• **WHAT YOU NEED TO DO**: Write the data out again exactly, dropping any images it holds.

• **DATA SHOWN**:
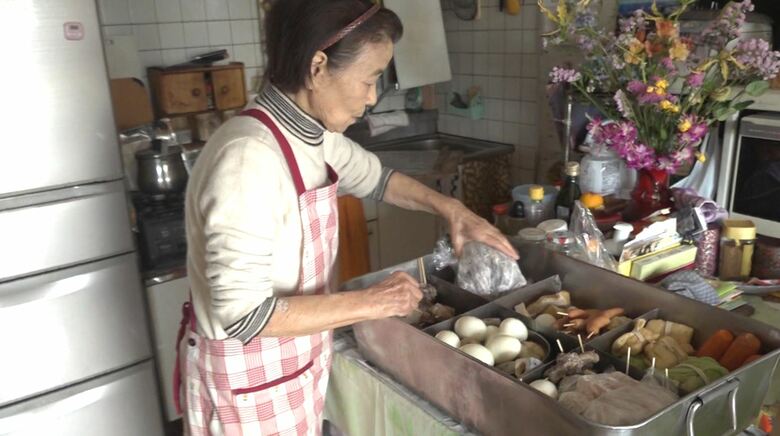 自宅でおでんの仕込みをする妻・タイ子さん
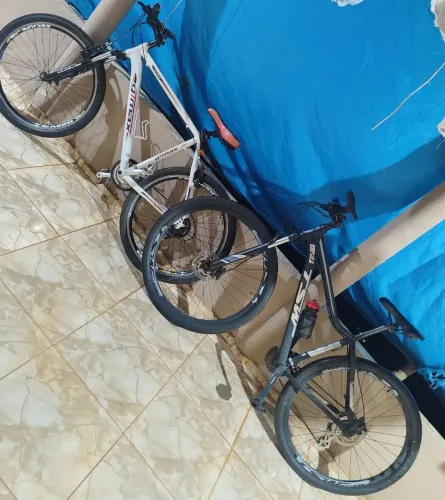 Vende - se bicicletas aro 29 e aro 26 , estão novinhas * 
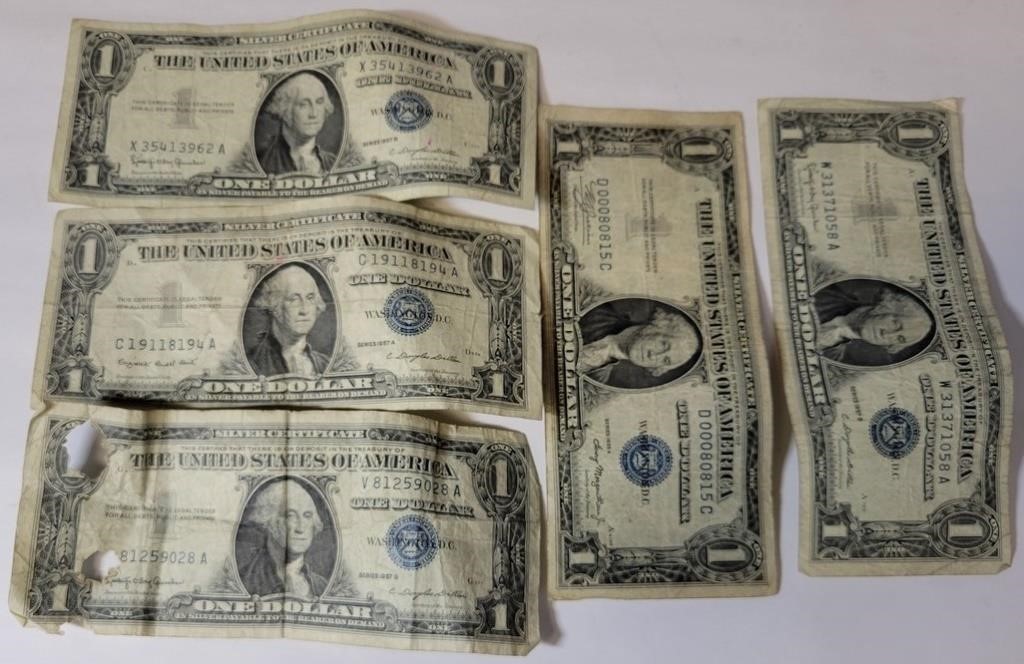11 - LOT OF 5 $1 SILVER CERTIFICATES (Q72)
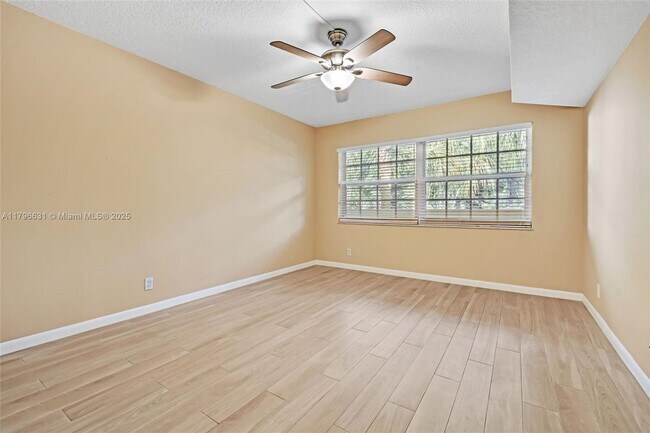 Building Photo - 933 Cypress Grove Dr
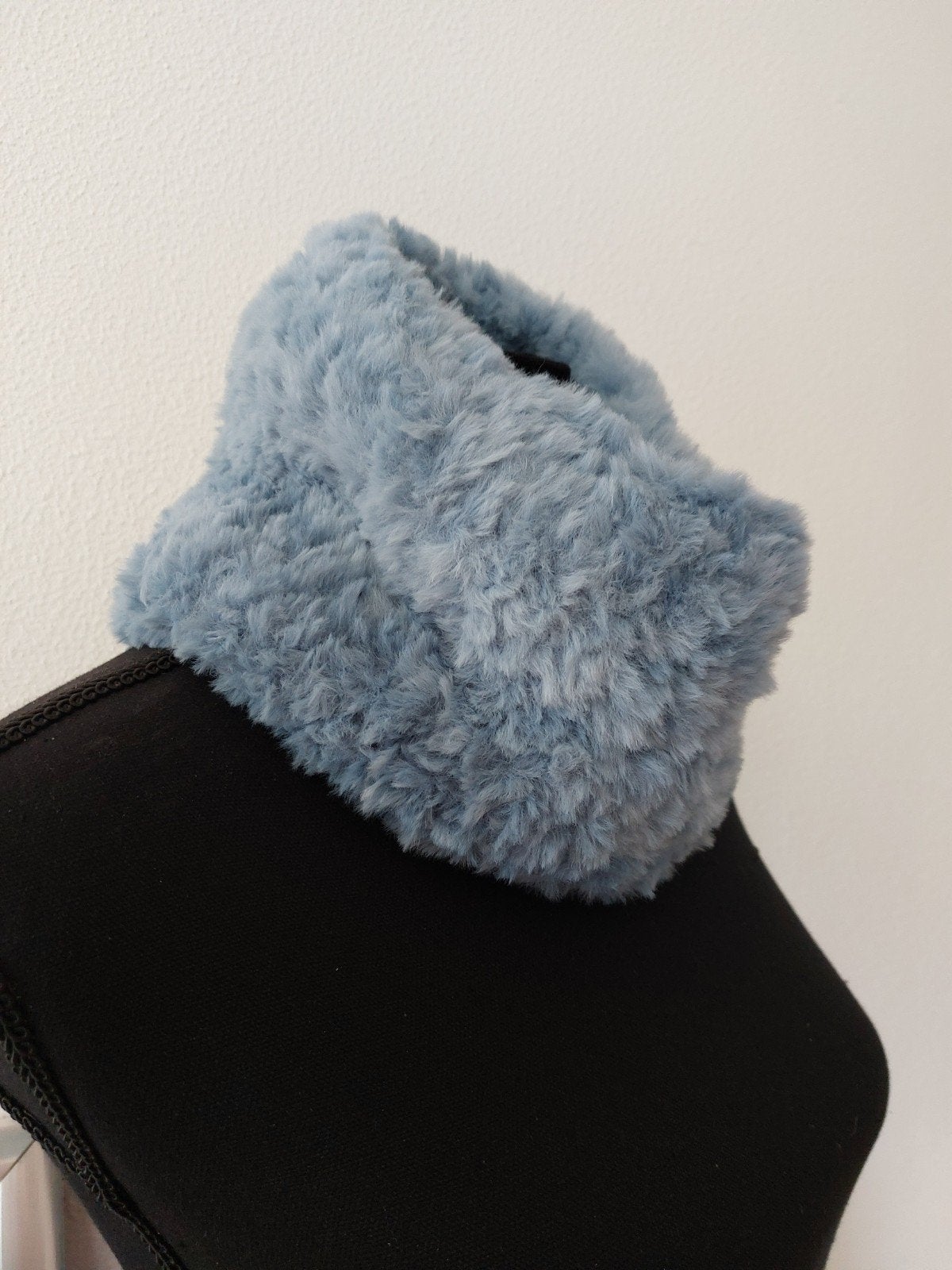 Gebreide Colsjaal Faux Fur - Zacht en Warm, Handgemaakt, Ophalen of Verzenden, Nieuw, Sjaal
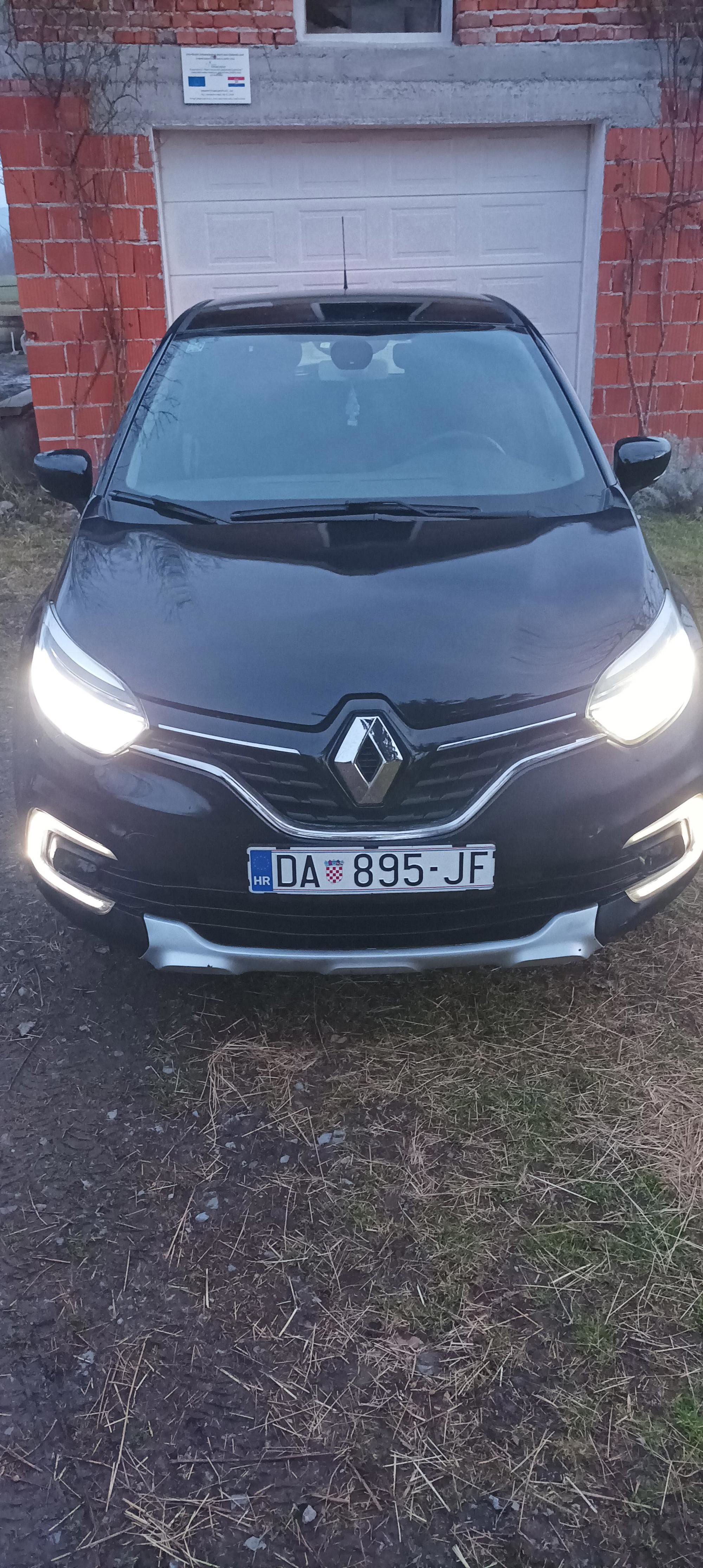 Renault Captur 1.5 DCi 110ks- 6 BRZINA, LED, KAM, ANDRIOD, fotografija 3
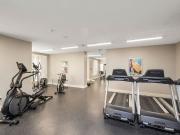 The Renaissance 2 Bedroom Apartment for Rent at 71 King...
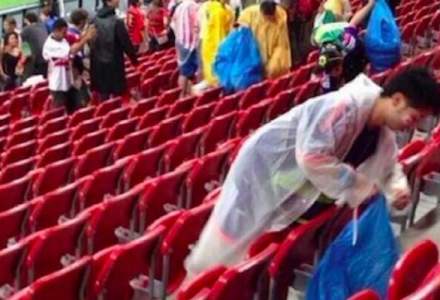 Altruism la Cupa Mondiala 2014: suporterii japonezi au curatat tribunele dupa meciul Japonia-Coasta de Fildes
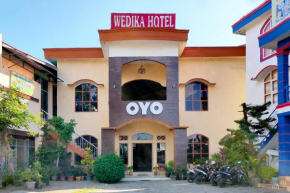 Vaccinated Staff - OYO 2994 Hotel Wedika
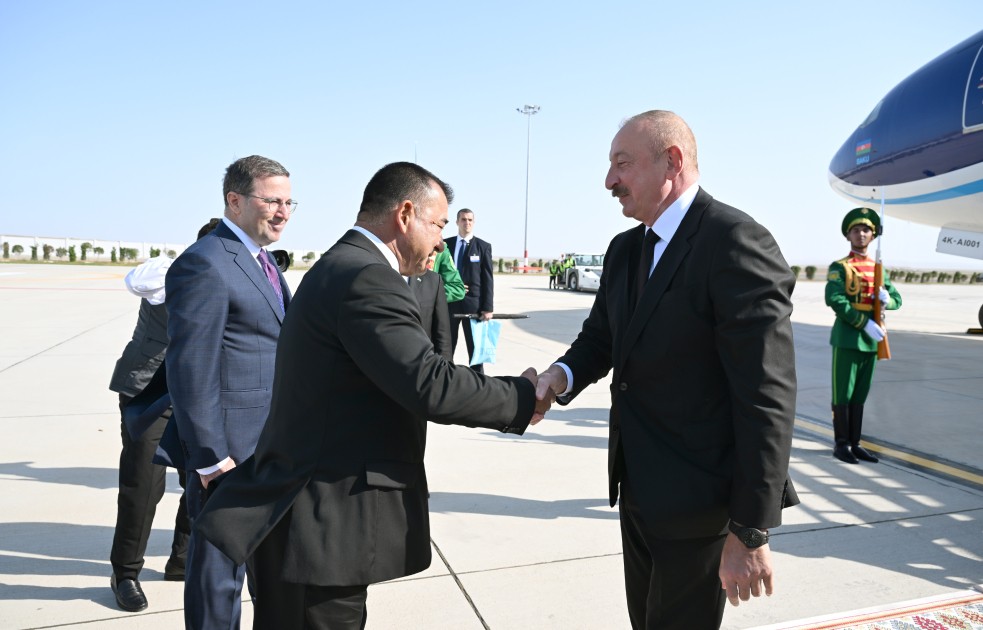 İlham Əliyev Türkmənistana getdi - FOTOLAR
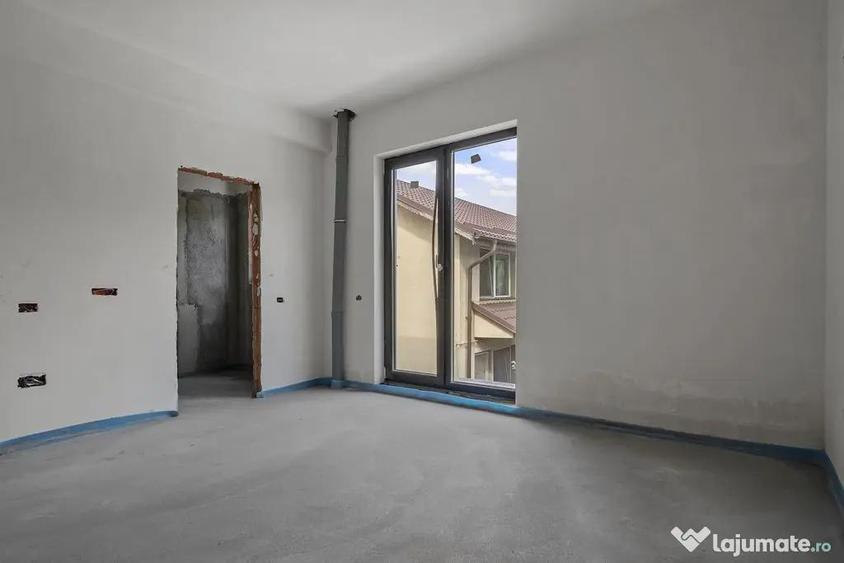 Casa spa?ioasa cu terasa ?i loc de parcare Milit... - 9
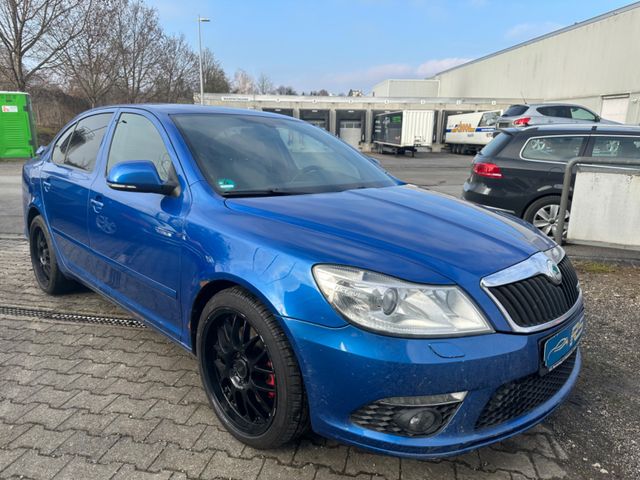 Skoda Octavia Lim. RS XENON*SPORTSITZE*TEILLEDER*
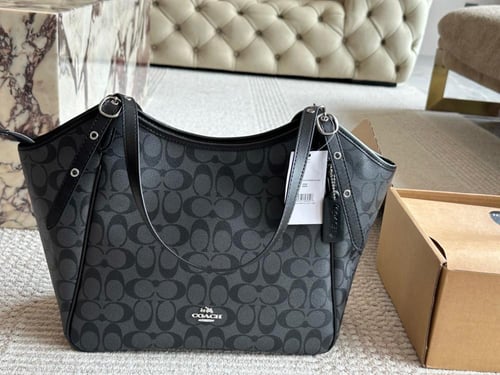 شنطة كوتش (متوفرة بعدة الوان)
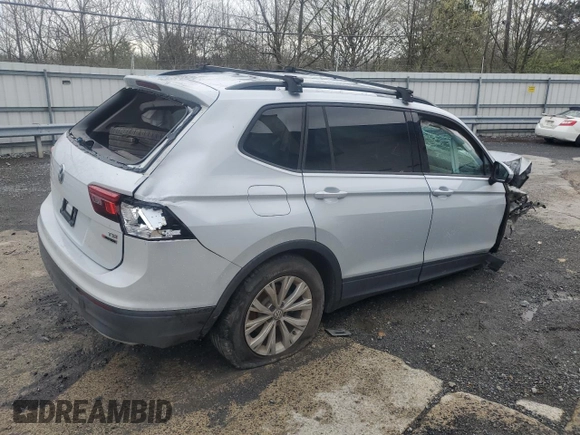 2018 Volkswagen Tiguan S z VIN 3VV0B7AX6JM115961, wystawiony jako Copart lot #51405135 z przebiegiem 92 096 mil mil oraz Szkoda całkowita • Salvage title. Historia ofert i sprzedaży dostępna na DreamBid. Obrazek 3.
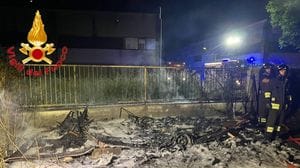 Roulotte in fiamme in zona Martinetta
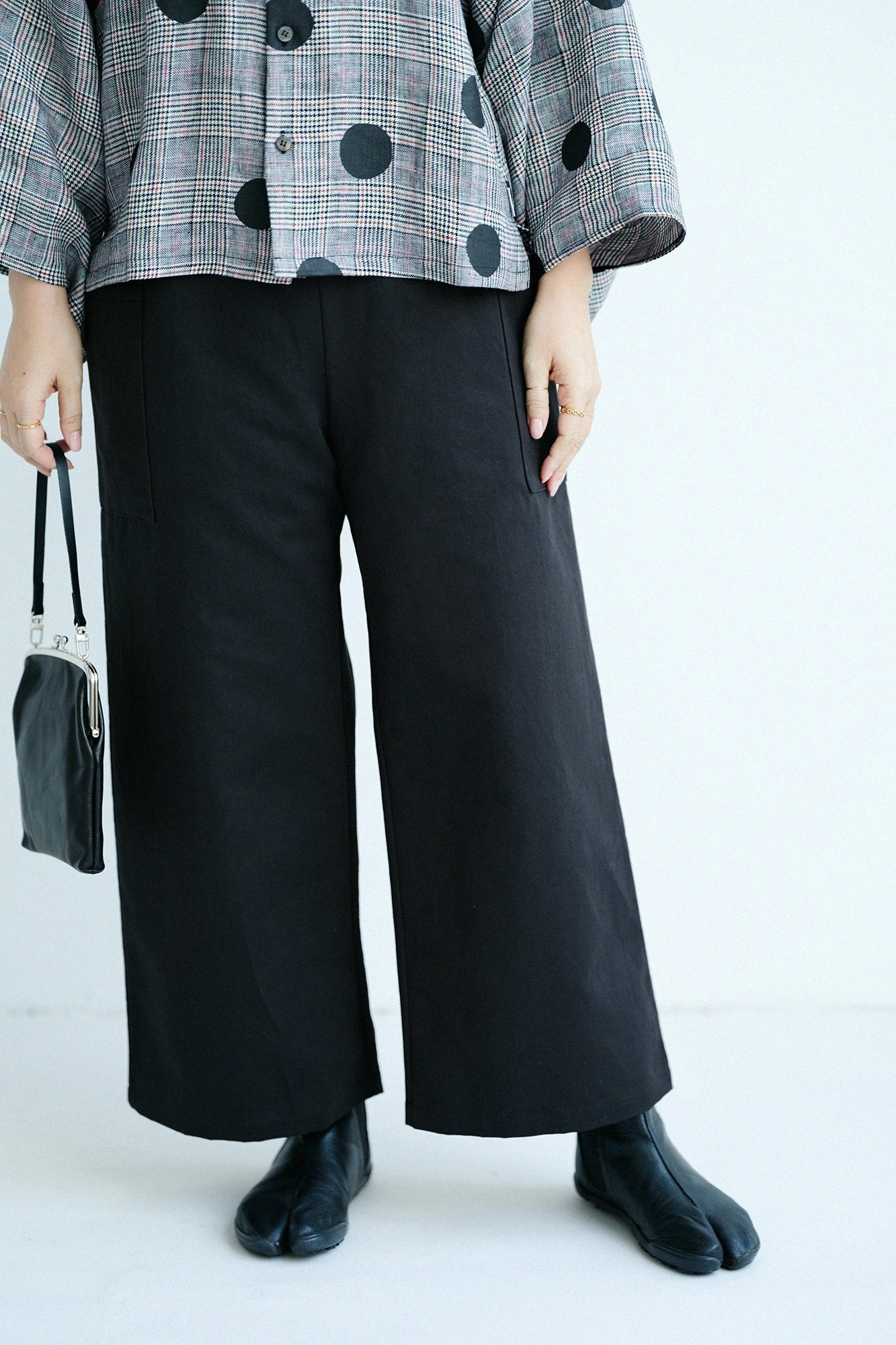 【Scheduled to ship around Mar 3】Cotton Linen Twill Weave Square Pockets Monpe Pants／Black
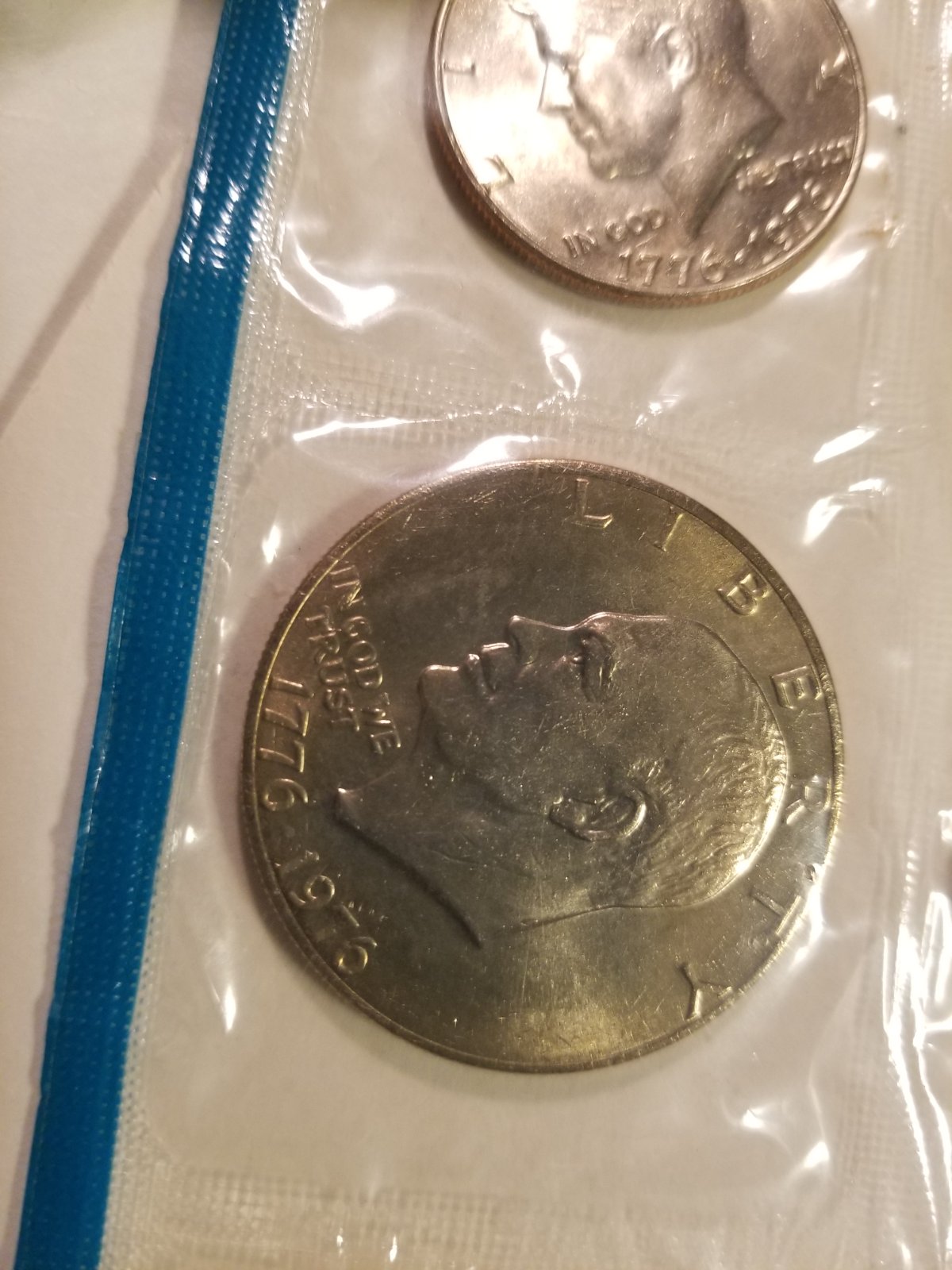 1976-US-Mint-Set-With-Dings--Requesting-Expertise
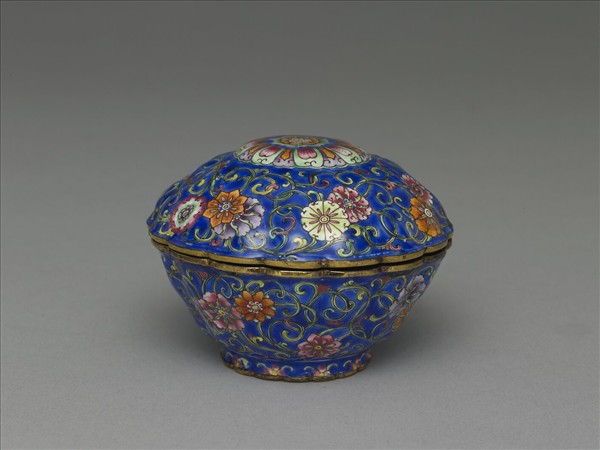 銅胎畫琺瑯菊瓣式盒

• **ANSWER BELOW**:
 自宅でおでんの仕込みをする妻・タイ子さん
 Vende - se bicicletas aro 29 e aro 26 , estão novinhas * 
11 - LOT OF 5 $1 SILVER CERTIFICATES (Q72)
 Building Photo - 933 Cypress Grove Dr
 Gebreide Colsjaal Faux Fur - Zacht en Warm, Handgemaakt, Ophalen of Verzenden, Nieuw, Sjaal
 Renault Captur 1.5 DCi 110ks- 6 BRZINA, LED, KAM, ANDRIOD, fotografija 3
 The Renaissance 2 Bedroom Apartment for Rent at 71 King...
 Altruism la Cupa Mondiala 2014: suporterii japonezi au curatat tribunele dupa meciul Japonia-Coasta de Fildes
 Vaccinated Staff - OYO 2994 Hotel Wedika
 İlham Əliyev Türkmənistana getdi - FOTOLAR
 Casa spa?ioasa cu terasa ?i loc de parcare Milit... - 9
 Skoda Octavia Lim. RS XENON*SPORTSITZE*TEILLEDER*
 شنطة كوتش (متوفرة بعدة الوان)
 2018 Volkswagen Tiguan S z VIN 3VV0B7AX6JM115961, wystawiony jako Copart lot #51405135 z przebiegiem 92 096 mil mil oraz Szkoda całkowita • Salvage title. Historia ofert i sprzedaży dostępna na DreamBid. Obrazek 3.
 Roulotte in fiamme in zona Martinetta
 【Scheduled to ship around Mar 3】Cotton Linen Twill Weave Square Pockets Monpe Pants／Black
 1976-US-Mint-Set-With-Dings--Requesting-Expertise
 銅胎畫琺瑯菊瓣式盒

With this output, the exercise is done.